Remix clone Hacker News

new | show | ask | jobs Github

▲

lostmsu a day ago

This is very impressive. Any details about model architecture and size? Input and output representation?

How does voice work? You mentioned Deepgram. Does it mean you do Speech-to-Text-to-Speech?

▲

sid-the-kid a day ago | parent | next [-]

For the input, we pass the model: 1) embedded audio and 2) a single image (encoded with a causal VAE). The model outputs the final RGB video directly.

The key technical unlock was getting the model to generate a video faster than real-time. This allows us to stream video directly to the user. We do this by recursively generating the video, always using the last few frames of the previous output to condition the next output. We have some tricks to make sure the video stays relatively stable even with recursion.

▲

tough 21 hours ago | parent | next [-]

I'm not at that level but reminded me of https://news.ycombinator.com/item?id=43736193

▲

sid-the-kid 21 hours ago | parent [-]

Nice find! I hand't seen this before (and will take a deeper look later). It looks like this is an approach to better utilize the GPU memory. And, we would probably benefit from this to get more of a speed-up, which would also help us get better video quality.

I do not think they are running in real time though.
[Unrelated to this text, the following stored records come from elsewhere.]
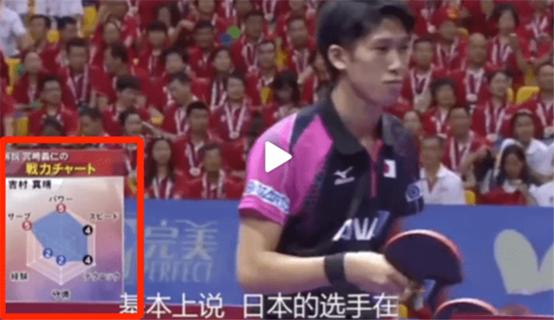 马龙的强大之处,马龙强大的实力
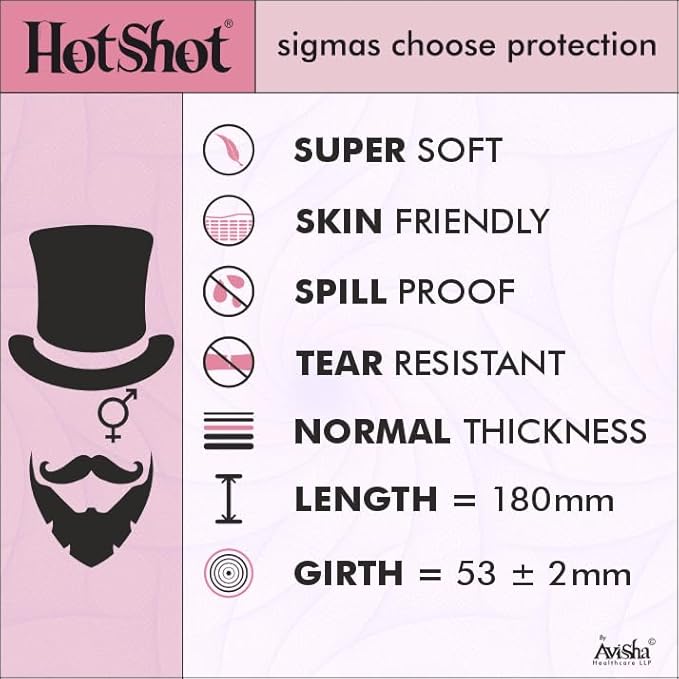 Hotshot Assorted Flavours - Banana, Strawberry, Chocolate, Whiskey Regular Condom (Set Of 4 )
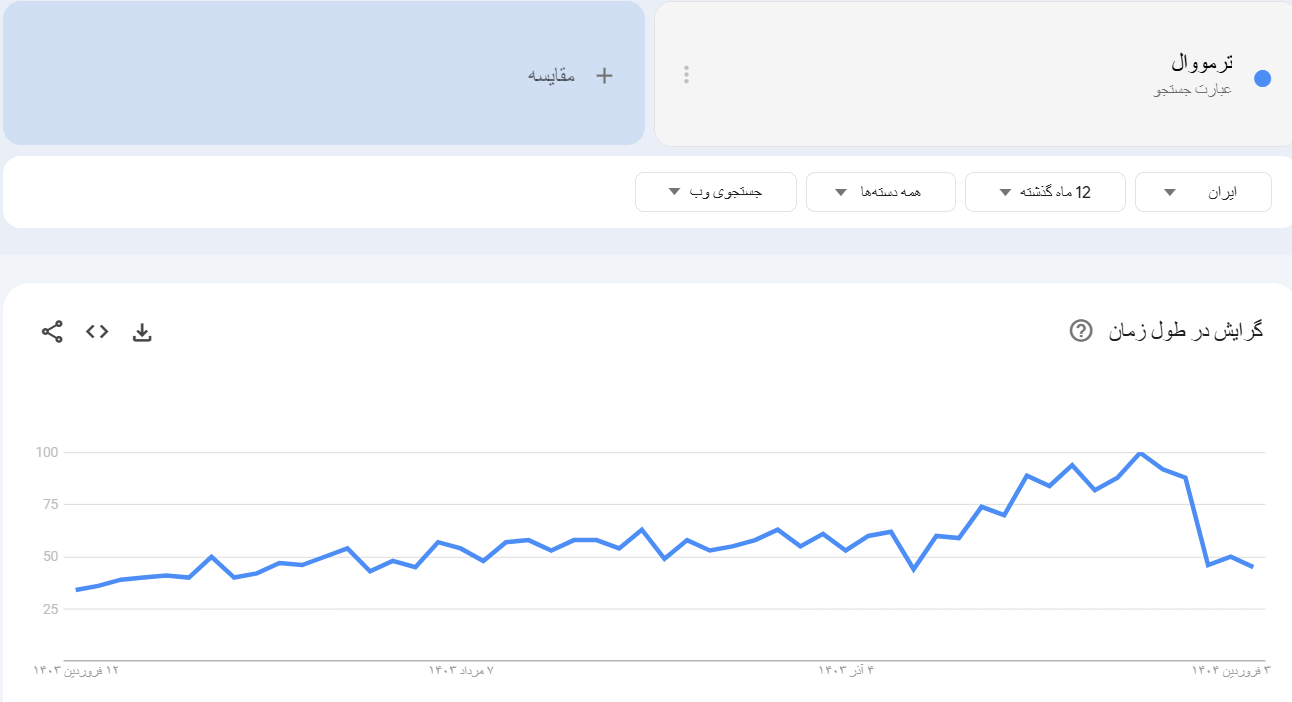 خرید بک لینک و رپورتاژ برای کلمه کلیدی ترمووال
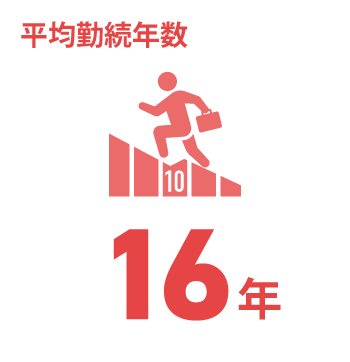 日能研関東グループ　採用 平均勤続年数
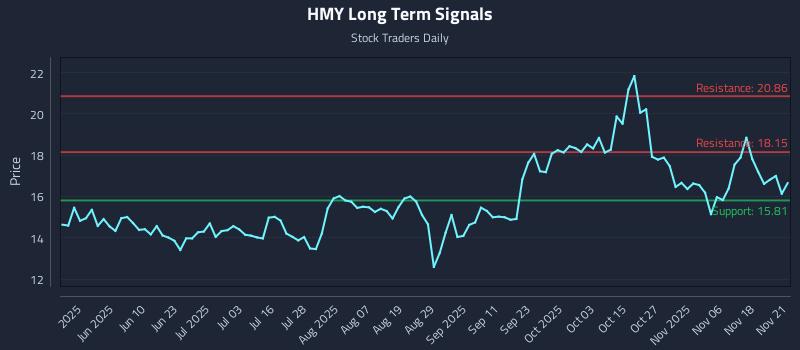 HMY Long Term Analysis for November 21 2025 HMY Long Term Analysis for November 21 2025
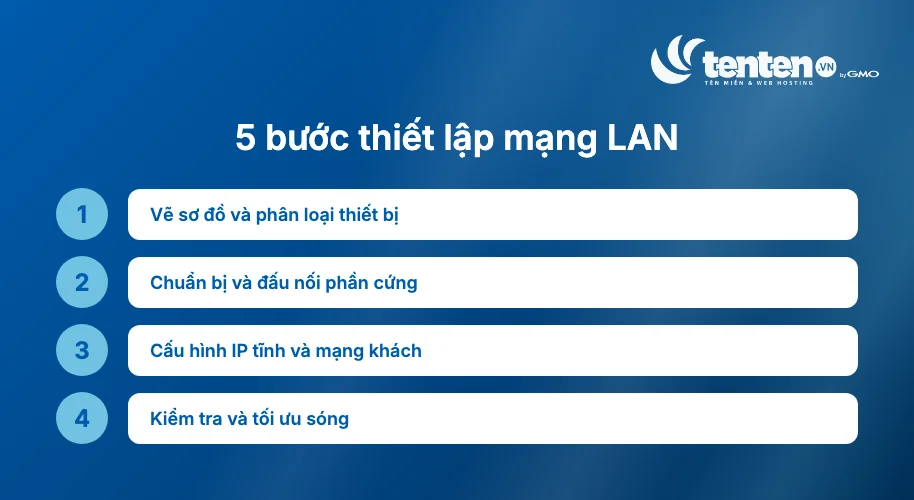 Năm bước thiết lập mạng LAN: vẽ sơ đồ và phân loại thiết bị, chuẩn bị và đấu nối phần cứng, cấu hình IP tĩnh và mạng khách, kiểm tra và tối ưu sóng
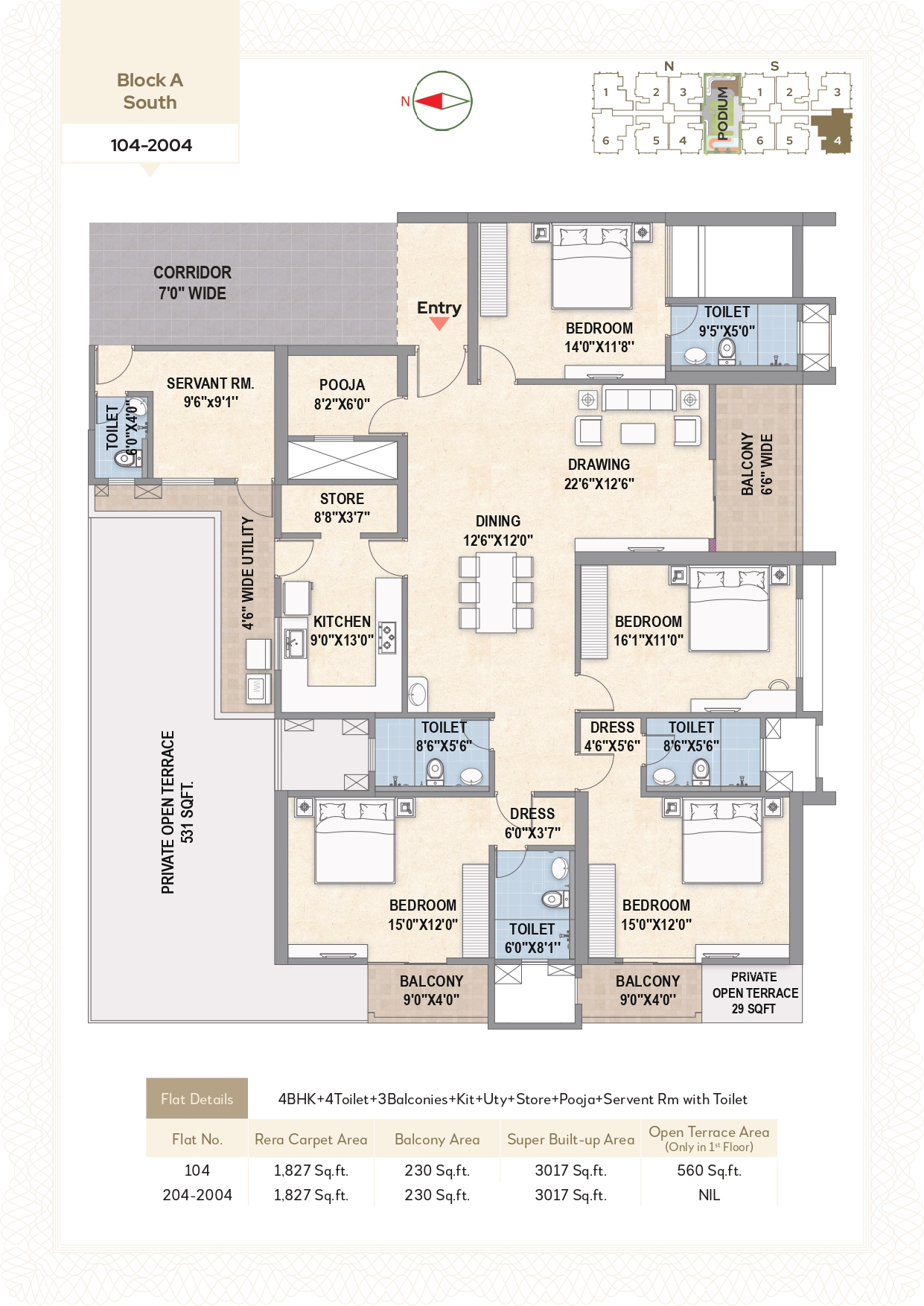 Investment-friendly properties Bhubaneswar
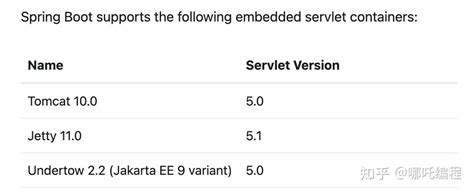 Image result for Spring Boot Java Compatibility Matrix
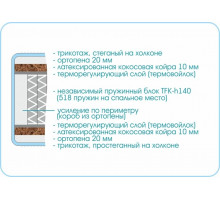 Матрас Prestige Gracia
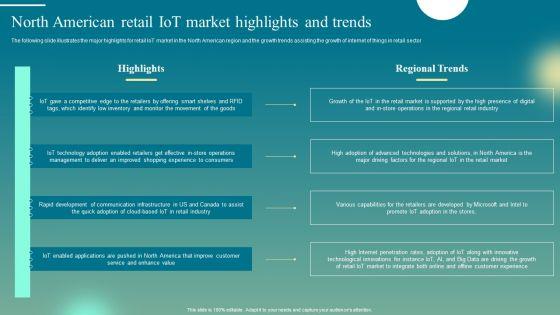 Deploying Iot Solutions In The Retail Market North American Retail Iot Market Highlights And Trends Pictures PDF Deploying Iot Solutions In The Retail Market North American Retail Iot Market Highlights And Trends Pictures PDF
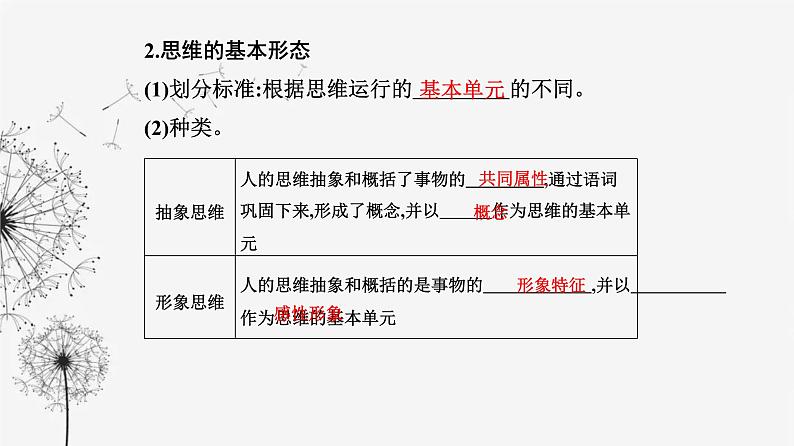 人教版高中思想政治选择性必修3第一单元第一课第二框思维形态及其特征课件04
From the website: "Personal RTX 4090 generates at speed 2.5 seconds/frame (unoptimized) or 1.5 seconds/frame (teacache)." That means it would take them 37.5s to generate 1 second of video, which is fast for video but way slower than real time.

	▲	tough 21 hours ago \| parent [-]
		Yep, this is way slower but considered SOTA on video-gen open source. I mostly meant the using the previous frames to generate new frames insight that reminded me but lack knowledge on the specifics of the work glad if its useful for your work/research to check out the paper edit: the real-time-ness of it also has to have into equation what HW are you running your model on, obviously easier to make so on a H100 than a 3090, but these memory optimizations really help to make these models usable at all for local stuff, which is a great win i think for overall adoption/further stuff being build upon them a bit like sd-webui from automatic1111 alongside stable diffusion weights models being open sourced was a boom on image gen a couple years back

▲

tony_cannistra 18 hours ago | parent | prev | next [-]

Nice. This is also how recent advances in ML weather forecasting work. Weather forecasting really is just "video generation" but in higher dimensions.

▲

dheera 19 hours ago | parent | prev [-]

Nice! What infra do you use for inference? I'm wondering what the cost-effective platforms are for projects like this. GPUs on AWS and Azure are incredibly expensive for personal use.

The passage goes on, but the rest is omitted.